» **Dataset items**

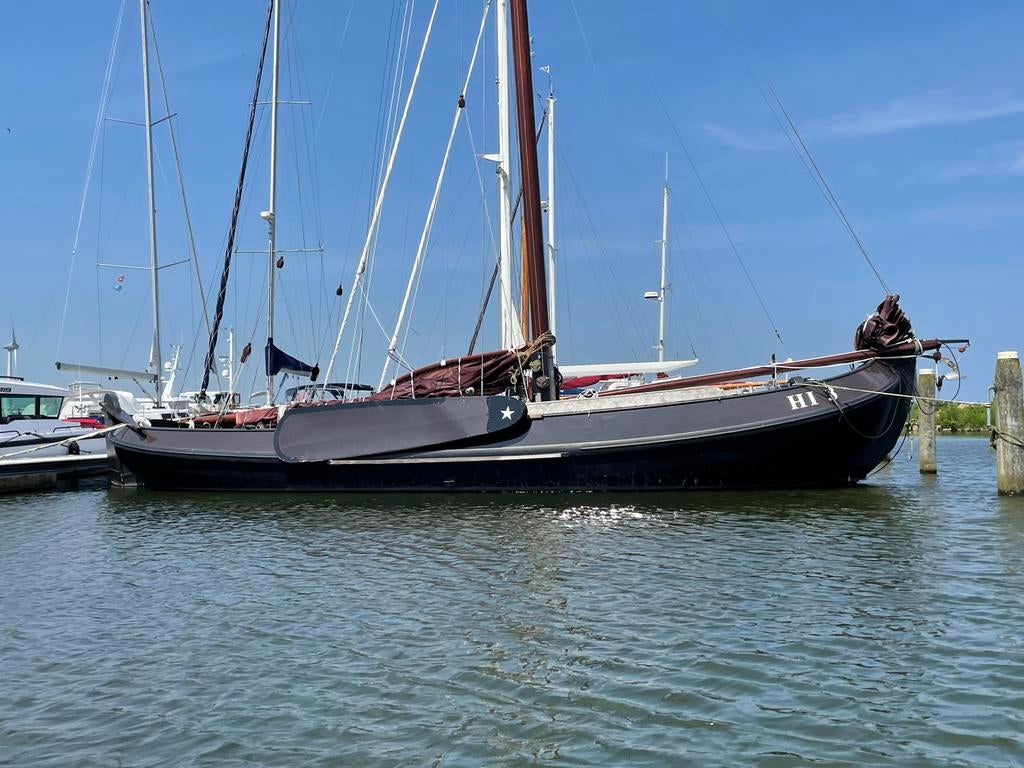 Ligplaats te koop of huur 16 bij 5,75 meter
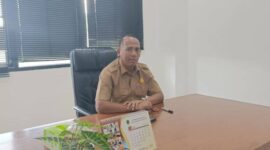 Sekretaris Dinas PUTR PALI, Hilmansyah, saat memberikan keterangan pers di ruang kerjanya terkait kepastian kelanjutan peningkatan jalan cor beton Benuang-Kampai melalui APBD 2026, Senin (18/5). (Foto: Dok/Efran)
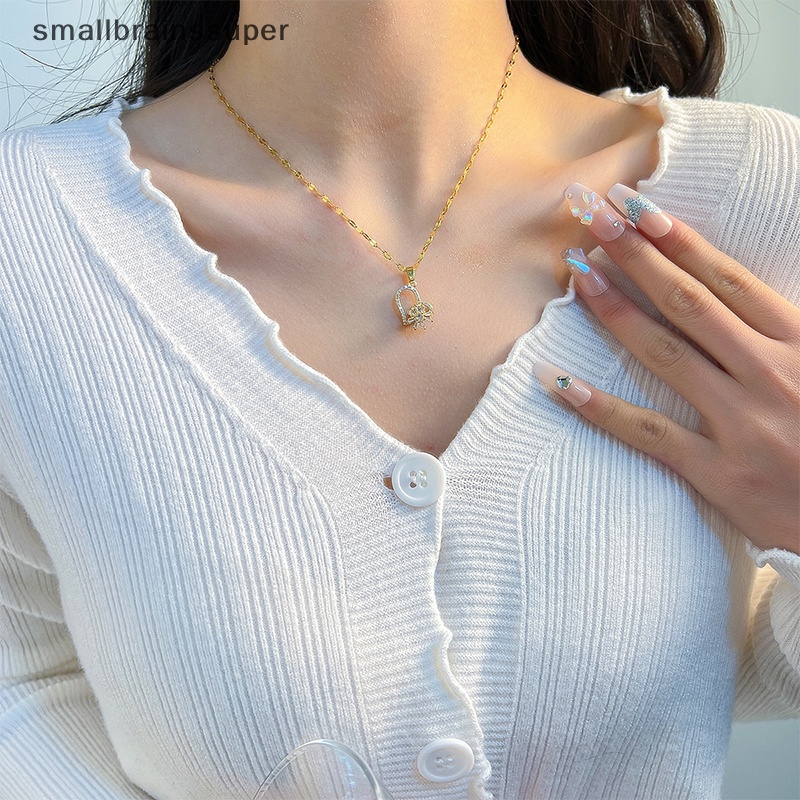 Vòng cổ Bằng Thép Titan Dát Vàng Nhẹ Hình Trái Tim Thời Trang Cho Nữ SBS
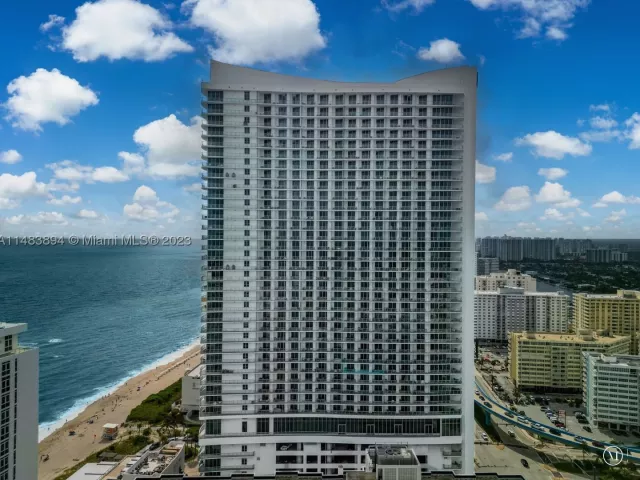 2-bedroom condo for rent in Hollywood - 4111 S Ocean Dr 1406 - MondialRealty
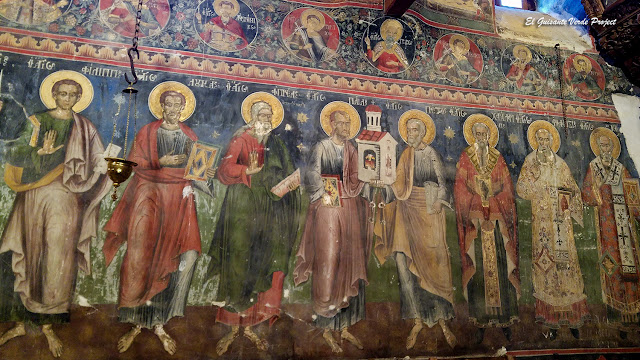 Santa María de Leusa, pinturas paredes, Albania - El Guisante Verde Project
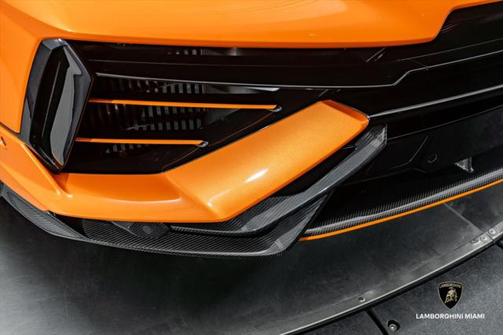 2024 Lamborghini Urus Performante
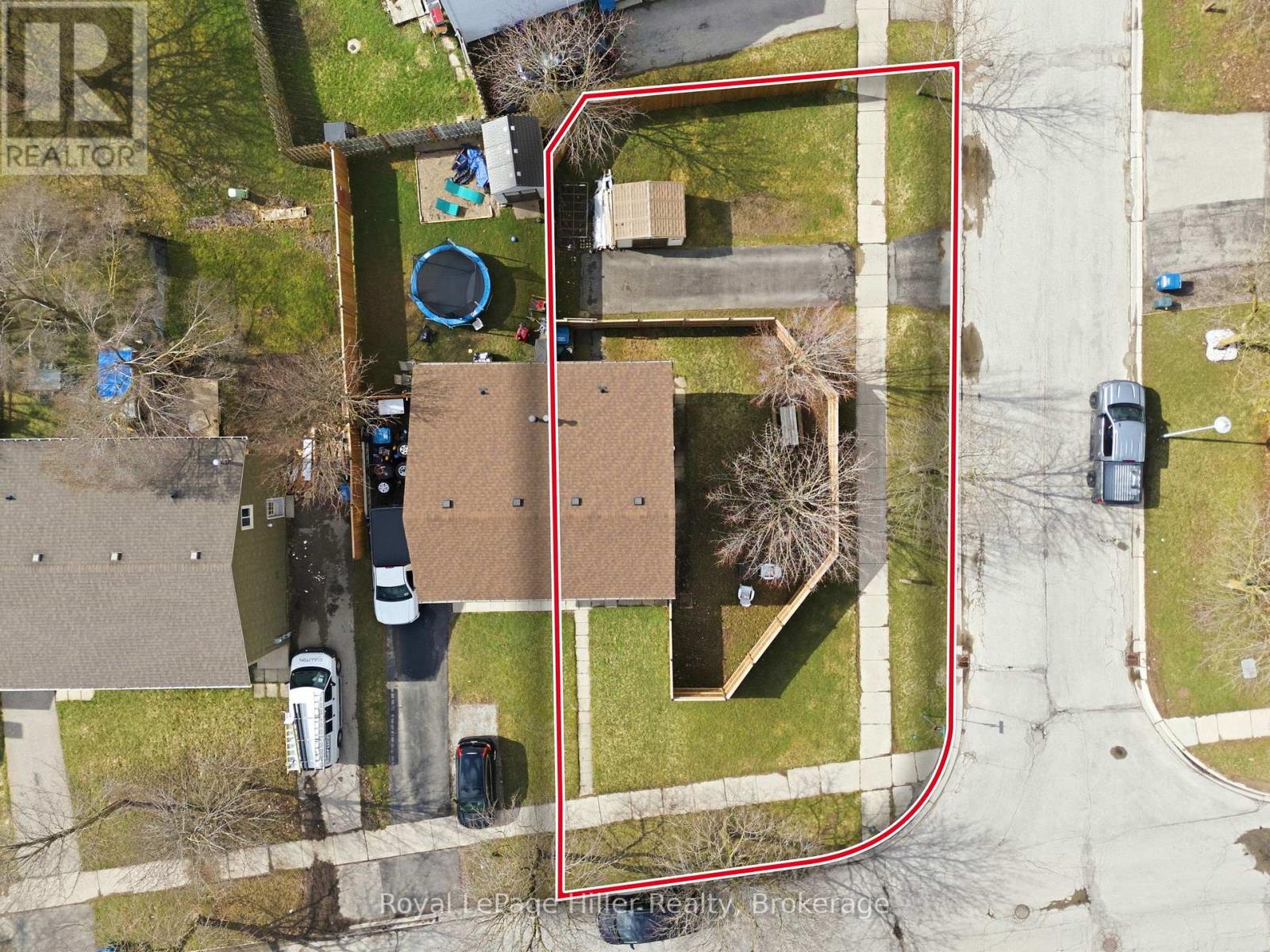 46 Avonwood Drive, Stratford, Ontario N4Z 1B4 - Photo 4 - X12994262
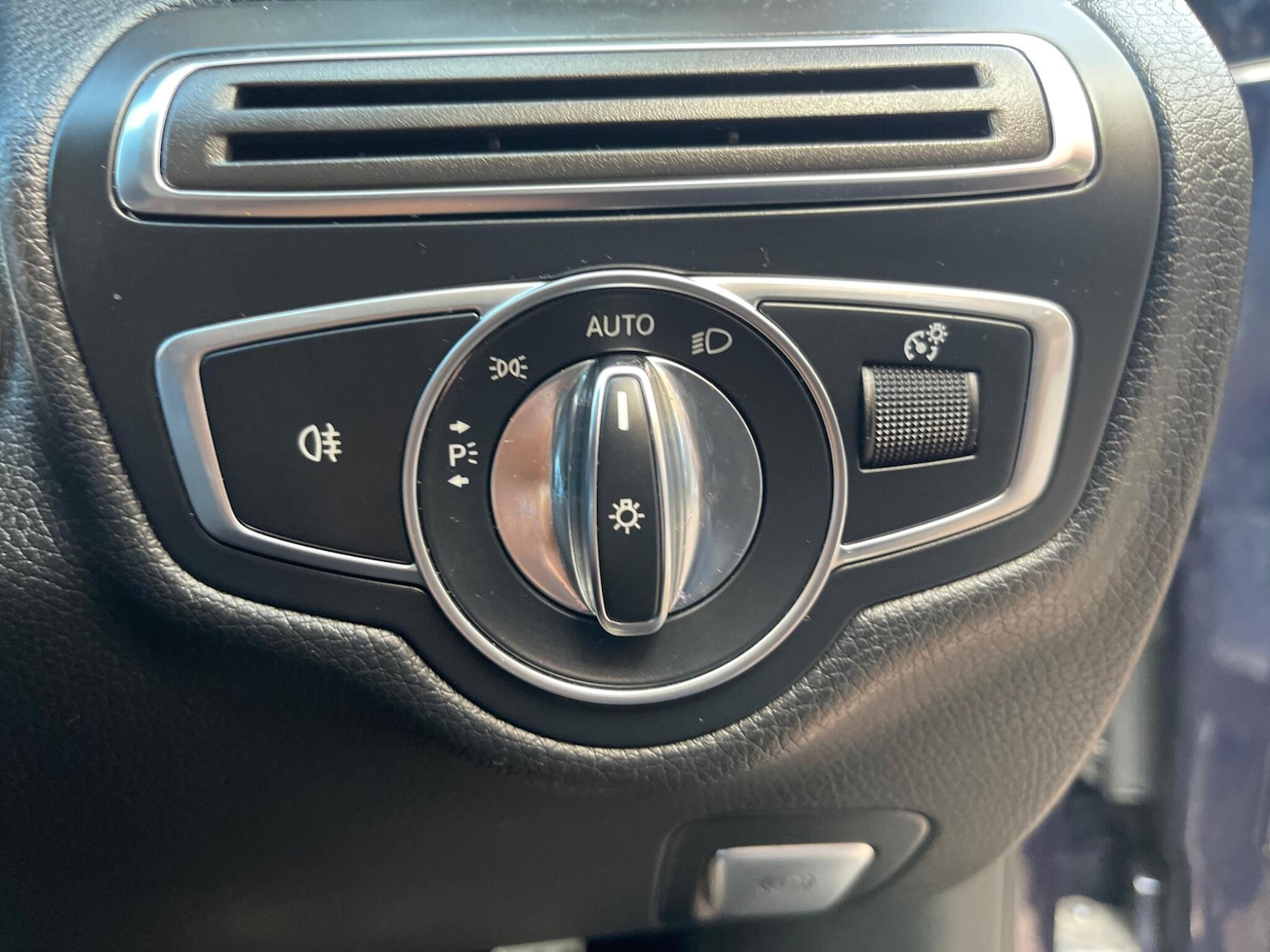 Used Mercedes-Benz C Class 2018 for sale - 76551947: Photo 27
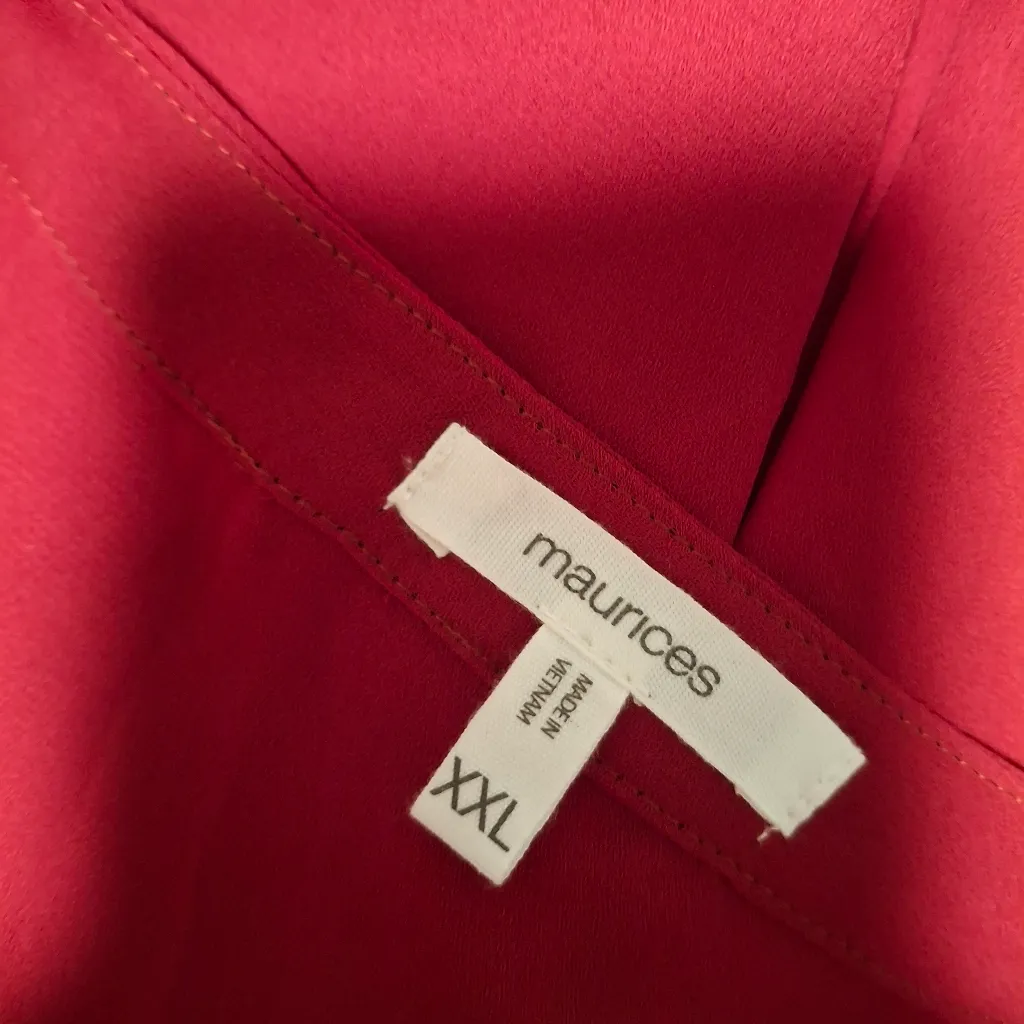 Maurices XXL Women's Red Button-Up Blouse NWOT - Image 8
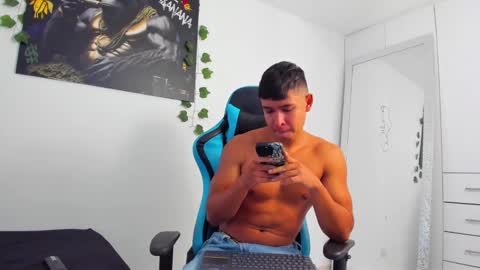 Oliver bray online show from March 2025 04:25:01 PM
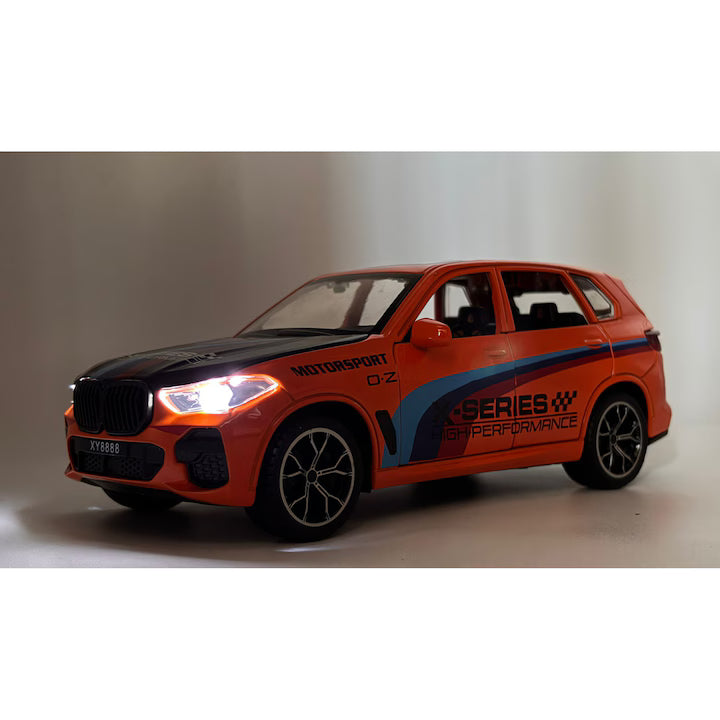 METALOWY SAMOCHÓD BMW X5 COMPETITION 20 CM ŚWIATŁA, OTWIERANE ELEMENTY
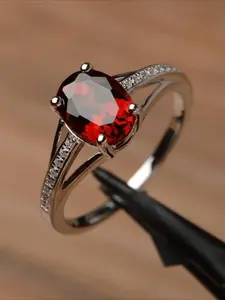 Elegant and luxurious oval shaped women's bezel engagement ring suitable for daily versatile banquets, parties, engagements, jewelry, holiday gifts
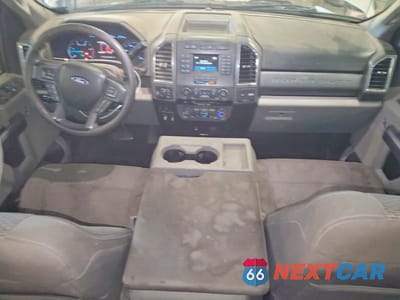 Zdjęcie 8 z 12 samochodu: 2017 FORD F250 SUPER DUTY VIN:1FT7X2BT3HEE02638 - miniatura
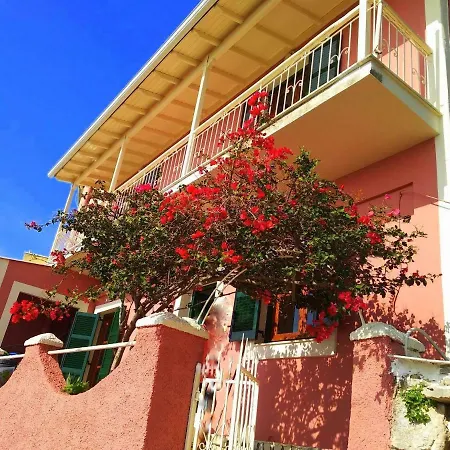 Traditional Panoramic Sea View House
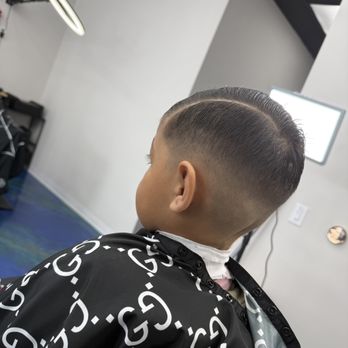 Fades In The Trap - Mid Fade comb over Children Haircut - Barbers Near Me - City Ranch, California Fades In The Trap - Mid Fade comb over Children Haircut - Barbers Near Me - City Ranch, California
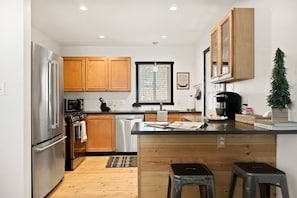 Coffee/tea maker, fridge, microwave, oven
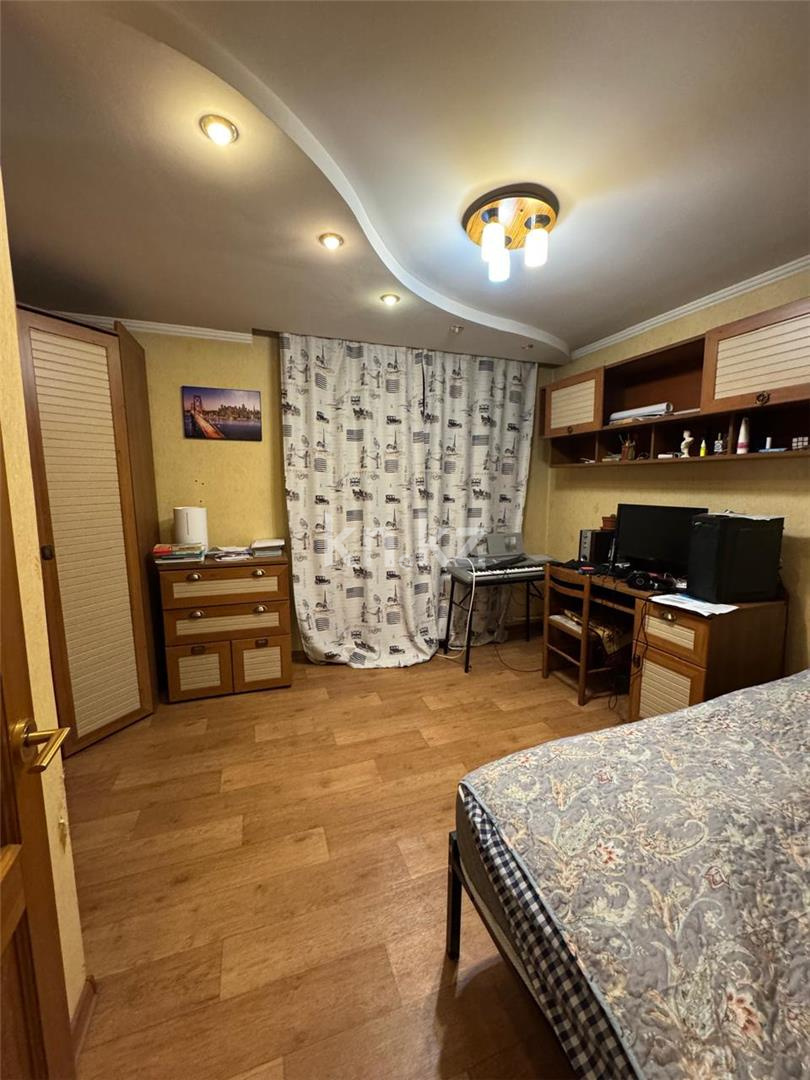 Продажа 4-комнатной квартиры, 93 м² в Караганде - фото 7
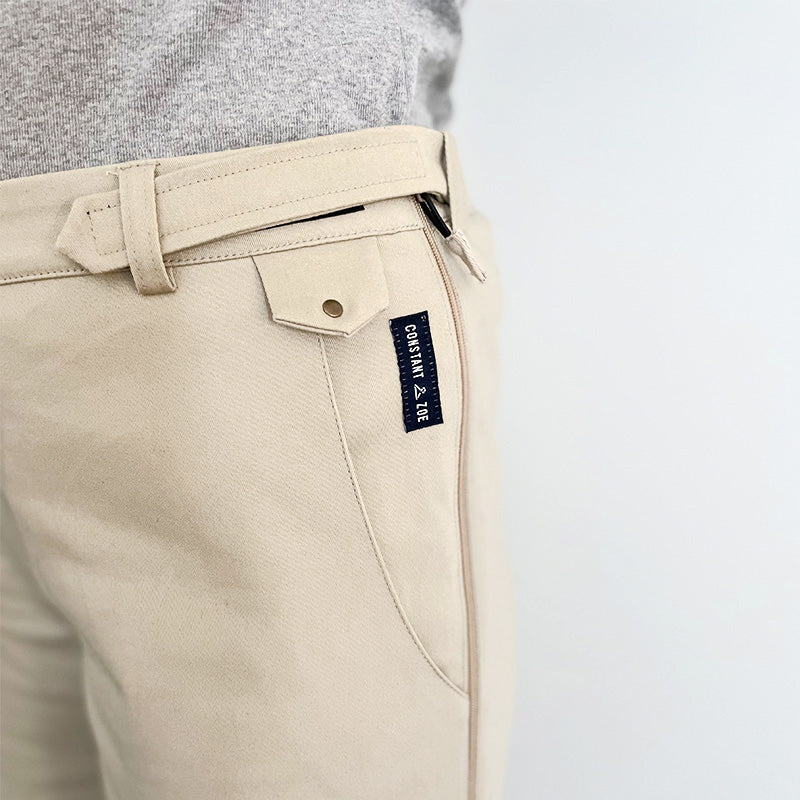 
                  
                    Pantalon-CLEM-beige-zoom-ceinture-Constant-et-Zoé-avec-ouverture-avec-ouverture-sur-le-coté-vetements-adaptés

» **THE TASK**
Your answer must be the exact lines from the one containing "METALOWY SAMOCHÓD BMW" through the last line of the records above, with both included and no pictures.

» **ANSWER TO THIS TASK**
 METALOWY SAMOCHÓD BMW X5 COMPETITION 20 CM ŚWIATŁA, OTWIERANE ELEMENTY
 Elegant and luxurious oval shaped women's bezel engagement ring suitable for daily versatile banquets, parties, engagements, jewelry, holiday gifts
 Zdjęcie 8 z 12 samochodu: 2017 FORD F250 SUPER DUTY VIN:1FT7X2BT3HEE02638 - miniatura
 Traditional Panoramic Sea View House
 Fades In The Trap - Mid Fade comb over Children Haircut - Barbers Near Me - City Ranch, California Fades In The Trap - Mid Fade comb over Children Haircut - Barbers Near Me - City Ranch, California
 Coffee/tea maker, fridge, microwave, oven
 Продажа 4-комнатной квартиры, 93 м² в Караганде - фото 7
                  
                    Pantalon-CLEM-beige-zoom-ceinture-Constant-et-Zoé-avec-ouverture-avec-ouverture-sur-le-coté-vetements-adaptés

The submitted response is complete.